++++ Data

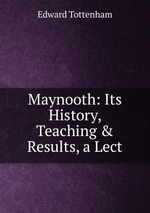 Maynooth: Its History, Teaching & Results, a Lect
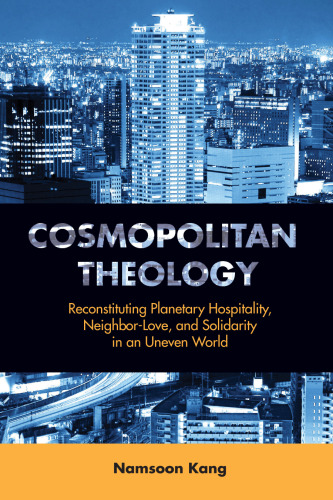 Cosmopolitan Theology: Reconstituting Planetary Hospitality, Neighbor-Love, and Solidarity in an Uneven World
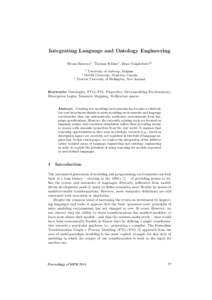 Integrating Language and Ontology Engineering Bruno Barroca‡ , Thomas K¨ uhne∗ , Hans Vangheluwe†‡ †  University of Antwerp, Belgium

++++++++

Repeat the listing above word for word, omitting the pictures.

* **Solution**
 Maynooth: Its History, Teaching & Results, a Lect
 Cosmopolitan Theology: Reconstituting Planetary Hospitality, Neighbor-Love, and Solidarity in an Uneven World
 Integrating Language and Ontology Engineering Bruno Barroca‡ , Thomas K¨ uhne∗ , Hans Vangheluwe†‡ †  University of Antwerp, Belgium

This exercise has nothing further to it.